EffLoc: Lightweight Vision Transformer for Efficient 6-DOF Camera Relocalization
Zhendong Xiao, Changhao Chen, Shan Yang, Wu Wei
TL;DR
EffLoc tackles the challenge of efficient single-image 6-DoF camera relocalization by designing a lightweight Vision Transformer with a memory-efficient hierarchical layout. It introduces Sequential Group Attention (SGA) and Sequential Group Heads (SGH) to diversify feature processing and enhance representation while reducing computation. Across Oxford RobotCar benchmarks, EffLoc achieves substantial gains in both accuracy and efficiency, with large reductions in FLOPs and memory usage compared to prior methods. The combination of overlap patch embedding, memory-conscious attention, and end-to-end pose regression yields a practical, scalable solution for real-world, large-scale outdoor relocalization tasks.
Abstract
Camera relocalization is pivotal in computer vision, with applications in AR, drones, robotics, and autonomous driving. It estimates 3D camera position and orientation (6-DoF) from images. Unlike traditional methods like SLAM, recent strides use deep learning for direct end-to-end pose estimation. We propose EffLoc, a novel efficient Vision Transformer for single-image camera relocalization. EffLoc's hierarchical layout, memory-bound self-attention, and feed-forward layers boost memory efficiency and inter-channel communication.
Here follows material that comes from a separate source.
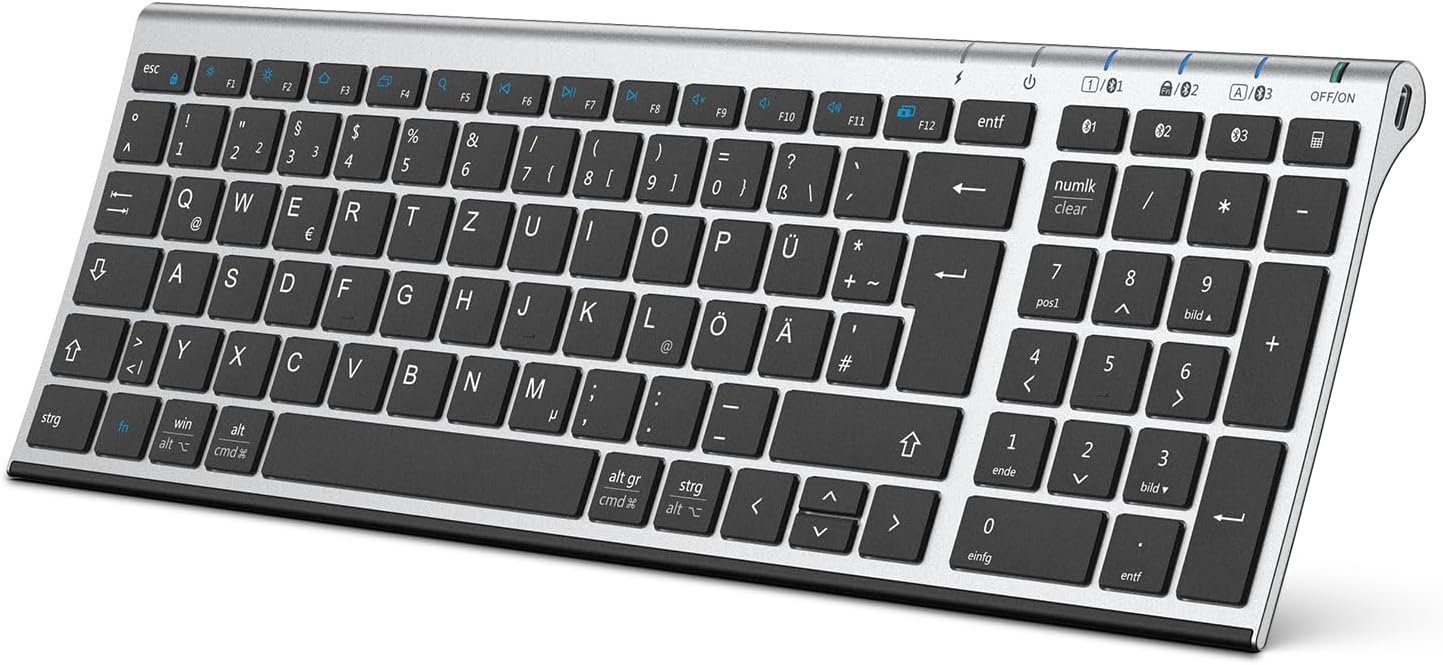 iclever Keyboard BK10, mit 3 Bluetooth Kanälen Stabile Verbindung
Our introduced sequential group attention (SGA) module enhances computational efficiency by diversifying input features, reducing redundancy, and expanding model capacity. EffLoc excels in efficiency and accuracy, outperforming prior methods, such as AtLoc and MapNet. It thrives on large-scale outdoor car-driving scenario, ensuring simplicity, end-to-end trainability, and eliminating handcrafted loss functions.